Like autistic children, too, the children that Weller works with can be hypersensitive to sound and light.
"They will jump if there's a big sound outside the room. They'll notice the sound of the air-conditioner … they will feel frightened of things that you might not expect them to because of the vigilance in their system."
Joe Tucci, chief executive of the foundation, says it's common for children who have experienced trauma to struggle with relationships; making and keeping friends and reading social cues.
"It's complicated for these kids because they're overly focused on identifying threat in a relationship because that's what they've had to do to protect themselves. Their behaviour is often seen as misbehaviour, because they don't follow rules, and they get punished for it."
He says Dr Porges' work sheds light on what's "inside children rather than just interpreting the behaviour we see".
The Australian trial will involve up to 60 children aged seven to 14. After an assessment to check for auditory hypersensitivity, they will be split into two groups: one group will receive the treatment and the other won't.
Each group will be assessed during the intervention, after three months and again after 12 months. (The children who don't initially receive the treatment will later be invited to participate.) If a success, the therapy could be rolled out nationally in delivery centres overseen by the foundation.
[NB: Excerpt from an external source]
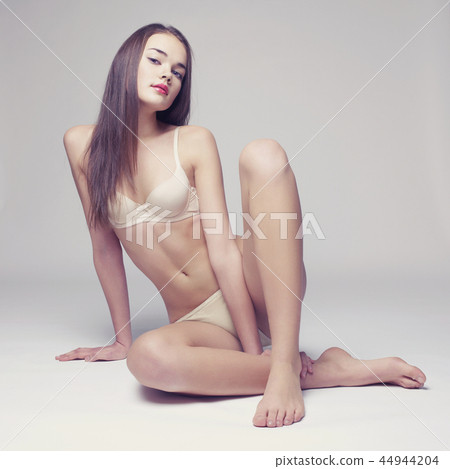 Elegant sitting lady 44944204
Professor O'Leary is cautiously supportive of the foundation's trial, "since it involves listening to voices or music and giving the child attention that is beneficial to them". But he adds, "I'd be very interested to hear what the outcome is, particularly if these children become less sensitive to sound, but I wouldn't be convinced that the middle ear muscles have been tuned. I think that's in the land of conjecture and requires a much better evidence base."
Dr Siegal, too, raises questions about the long-term effectiveness of the therapy for children when they are exposed, once again, to stress. How would they be convinced "that the world is safe, when they only feel safe when they have those headphones on?" he asks.
Dr Porges acknowledges that a child's new-found resilience can go dormant again if they get sick or are put in non-supportive environments. But the system is easily rehabilitated, he says; in some cases with just an hour of treatment.
Weller hopes the therapy will help to reshape the children's identities. "When you're not calm and feeling that relationships aren't safe, it's really hard to be a kid in the world and do the things like play and hope and dream and have fun," she says.
"The point that Dr Porges makes, that connectedness is a biological imperative, really resonates with me.
We need to feel connected to another to be able to be physically alive and well and calm in the world."
Dr Tucci says he views the affected children's middle ears rather like out-of-tune violins. "We'll take that middle ear muscle and tone it; retune it, to make the human voice a song to these kids, rather than a source of terror."